By Heather Ramsay-It looks like the islands will have some form of ferry service this summer, following a conference call between community leaders and BC Ferries Tuesday afternoon (April 18).
Queen Charlotte mayor Carol Kulesha said the representatives agreed that the least painful option for the summer is to keep the Queen of Prince Rupert running on a winter schedule, serving both the islands and the route between Prince Rupert and Port Hardy.
“It spreads the pain to everybody,” Ms Kulesha said.
The other two options BC Ferries was considering were to provide service to only the islands, or to provide service to only to the Rupert-Hardy route.

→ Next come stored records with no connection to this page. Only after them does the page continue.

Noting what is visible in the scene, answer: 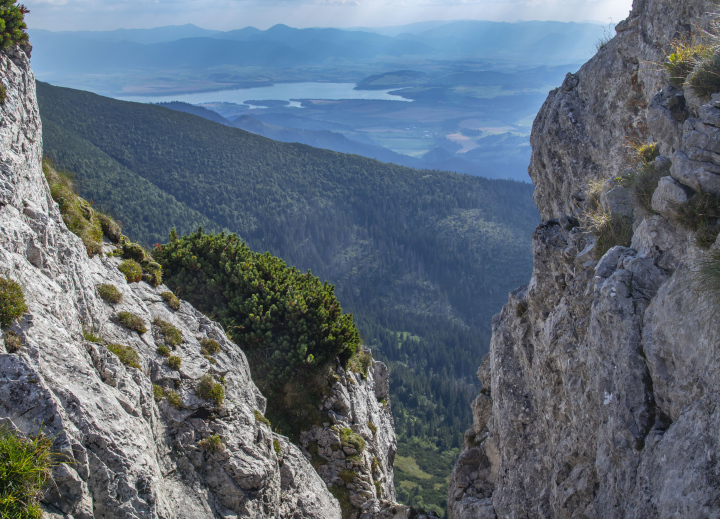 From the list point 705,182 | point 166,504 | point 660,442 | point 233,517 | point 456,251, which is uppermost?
point 705,182

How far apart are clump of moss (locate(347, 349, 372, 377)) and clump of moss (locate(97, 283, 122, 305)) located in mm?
13514

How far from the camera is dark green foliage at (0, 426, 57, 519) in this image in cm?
708

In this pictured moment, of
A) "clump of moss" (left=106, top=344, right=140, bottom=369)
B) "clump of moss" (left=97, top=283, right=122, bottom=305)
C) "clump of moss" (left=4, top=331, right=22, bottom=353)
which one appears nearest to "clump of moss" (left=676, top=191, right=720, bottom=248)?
"clump of moss" (left=4, top=331, right=22, bottom=353)

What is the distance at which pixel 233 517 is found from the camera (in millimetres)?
12250

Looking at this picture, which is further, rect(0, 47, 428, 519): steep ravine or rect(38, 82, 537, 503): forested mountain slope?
rect(38, 82, 537, 503): forested mountain slope

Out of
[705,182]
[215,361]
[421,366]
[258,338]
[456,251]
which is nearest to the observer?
[705,182]

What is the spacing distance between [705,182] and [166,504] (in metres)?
13.2

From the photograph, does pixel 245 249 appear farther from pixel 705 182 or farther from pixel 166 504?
pixel 705 182

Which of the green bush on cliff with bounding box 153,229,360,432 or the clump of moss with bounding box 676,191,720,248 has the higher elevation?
the clump of moss with bounding box 676,191,720,248

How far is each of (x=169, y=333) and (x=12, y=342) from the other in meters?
6.61

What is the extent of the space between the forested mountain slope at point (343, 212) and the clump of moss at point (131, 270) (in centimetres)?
8918

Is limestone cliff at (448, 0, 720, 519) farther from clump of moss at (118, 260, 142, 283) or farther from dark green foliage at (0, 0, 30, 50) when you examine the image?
dark green foliage at (0, 0, 30, 50)

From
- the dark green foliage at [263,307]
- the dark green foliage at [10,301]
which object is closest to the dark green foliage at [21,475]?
the dark green foliage at [10,301]

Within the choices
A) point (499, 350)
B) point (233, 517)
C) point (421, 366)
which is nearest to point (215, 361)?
point (233, 517) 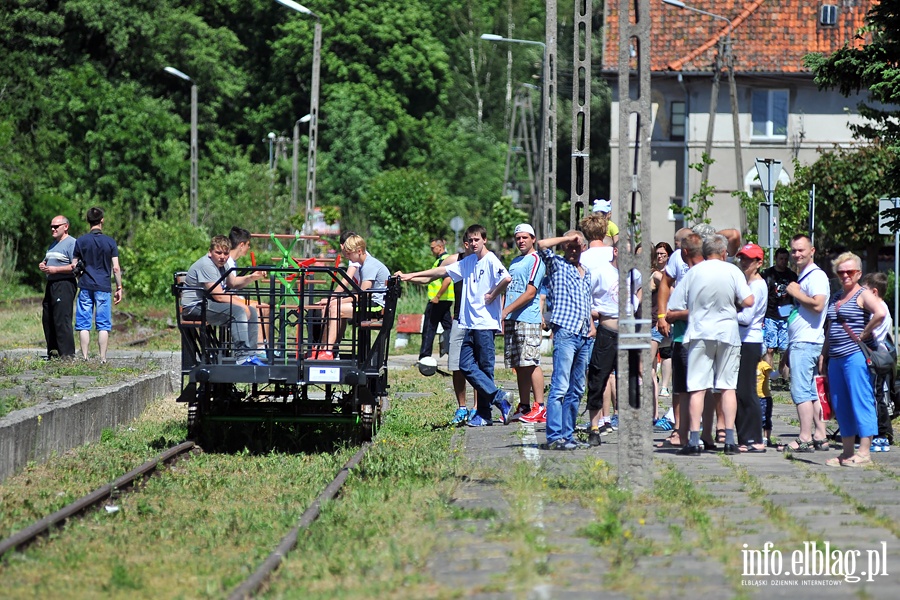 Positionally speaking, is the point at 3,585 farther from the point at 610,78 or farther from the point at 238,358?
the point at 610,78

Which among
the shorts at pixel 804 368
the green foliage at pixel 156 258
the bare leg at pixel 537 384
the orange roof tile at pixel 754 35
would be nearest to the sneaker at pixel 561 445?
the shorts at pixel 804 368

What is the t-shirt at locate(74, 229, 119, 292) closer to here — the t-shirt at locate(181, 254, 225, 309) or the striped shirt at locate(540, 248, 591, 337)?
the t-shirt at locate(181, 254, 225, 309)

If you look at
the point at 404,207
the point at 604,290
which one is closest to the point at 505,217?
the point at 404,207

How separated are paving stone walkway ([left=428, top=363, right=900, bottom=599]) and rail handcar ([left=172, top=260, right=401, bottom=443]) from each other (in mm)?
1696

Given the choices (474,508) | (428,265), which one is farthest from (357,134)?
(474,508)

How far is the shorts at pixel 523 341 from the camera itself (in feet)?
45.1

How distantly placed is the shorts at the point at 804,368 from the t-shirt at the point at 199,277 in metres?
5.12

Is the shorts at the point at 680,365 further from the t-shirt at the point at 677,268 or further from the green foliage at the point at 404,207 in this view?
the green foliage at the point at 404,207

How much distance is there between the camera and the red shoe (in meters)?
14.2

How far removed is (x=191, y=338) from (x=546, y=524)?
5156 millimetres

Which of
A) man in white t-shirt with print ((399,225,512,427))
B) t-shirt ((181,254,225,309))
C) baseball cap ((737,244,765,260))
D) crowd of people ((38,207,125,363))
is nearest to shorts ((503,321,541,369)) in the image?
man in white t-shirt with print ((399,225,512,427))

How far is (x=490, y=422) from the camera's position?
14.3 m

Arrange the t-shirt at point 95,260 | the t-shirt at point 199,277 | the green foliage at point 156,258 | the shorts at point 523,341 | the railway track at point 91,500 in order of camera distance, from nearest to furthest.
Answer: the railway track at point 91,500 → the t-shirt at point 199,277 → the shorts at point 523,341 → the t-shirt at point 95,260 → the green foliage at point 156,258

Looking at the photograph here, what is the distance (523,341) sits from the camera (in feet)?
45.2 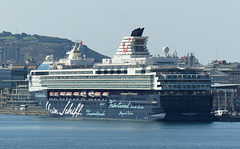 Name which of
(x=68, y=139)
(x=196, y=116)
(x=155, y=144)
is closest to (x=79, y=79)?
(x=196, y=116)

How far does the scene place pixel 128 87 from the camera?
148 meters

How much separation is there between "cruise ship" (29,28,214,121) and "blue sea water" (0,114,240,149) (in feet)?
8.57

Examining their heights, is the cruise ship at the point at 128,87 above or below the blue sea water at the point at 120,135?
above

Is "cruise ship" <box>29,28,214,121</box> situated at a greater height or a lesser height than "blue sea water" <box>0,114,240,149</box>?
greater

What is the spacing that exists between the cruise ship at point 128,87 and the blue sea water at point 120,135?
2613mm

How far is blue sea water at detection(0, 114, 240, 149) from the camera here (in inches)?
4402

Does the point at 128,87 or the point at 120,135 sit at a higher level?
Answer: the point at 128,87

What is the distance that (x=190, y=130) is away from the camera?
130 m

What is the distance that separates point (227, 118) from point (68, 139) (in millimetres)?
43798

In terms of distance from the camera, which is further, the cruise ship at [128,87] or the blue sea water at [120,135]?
the cruise ship at [128,87]

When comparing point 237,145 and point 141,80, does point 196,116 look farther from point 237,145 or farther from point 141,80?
point 237,145

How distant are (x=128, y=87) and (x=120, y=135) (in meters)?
25.7

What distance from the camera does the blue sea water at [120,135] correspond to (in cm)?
11181

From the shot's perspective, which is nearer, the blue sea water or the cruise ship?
the blue sea water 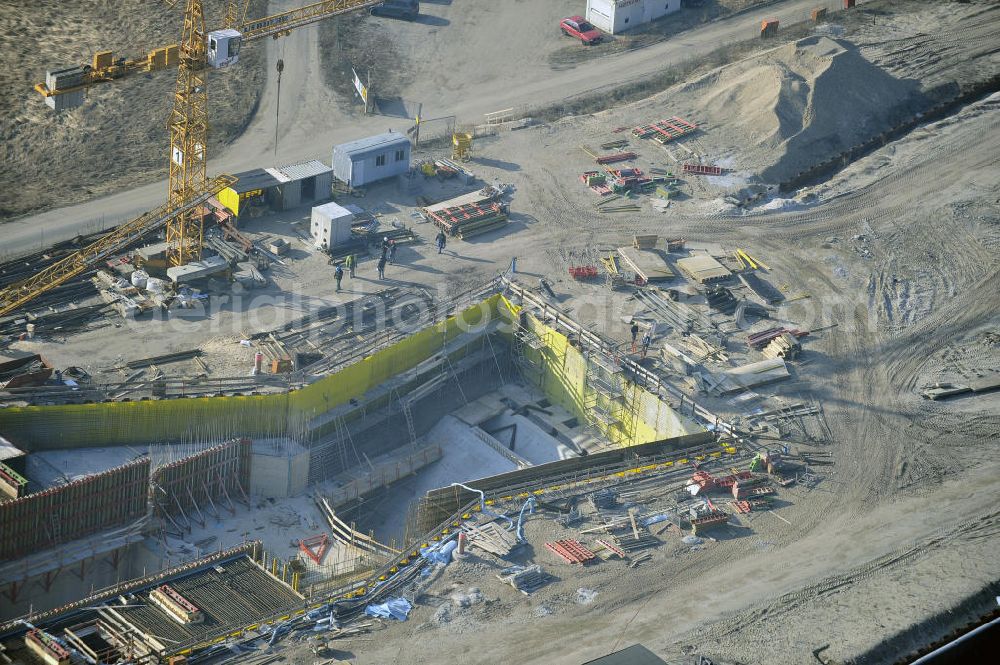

The service to the islands would be augmented with tug and barge for commercial traffic, which would leave all space on the ferry available for passenger traffic. Ms Kulesha says the number of times a week that service would run would have to be fine-tuned.
She has already heard of one industry unsatisfied with this plan: the fish packing companies. They need more frequent service to get fresh fish to market and asked to have space for a couple of trailers on the ferry when it runs.
The options were presented in broad strokes, she said, and BC Ferries is being careful to make sure the Queen of Prince Rupert has some down time in the schedule for servicing.
However, BC Ferries says it has not made a decision about summer service yet. Spokesperson Deborah Marshall said there was no clear resolution from the call and the corporation hopes to have a final answer on summer service within the week.
Meanwhile, the Queen of Prince Rupert left Tsawwassen at 2 pm on April 18, and should be arriving at Skidegate tonight. Three-day-a-week ferry service will resume until May 18. The islands have been without ferry service since the Queen of the North sank March 22.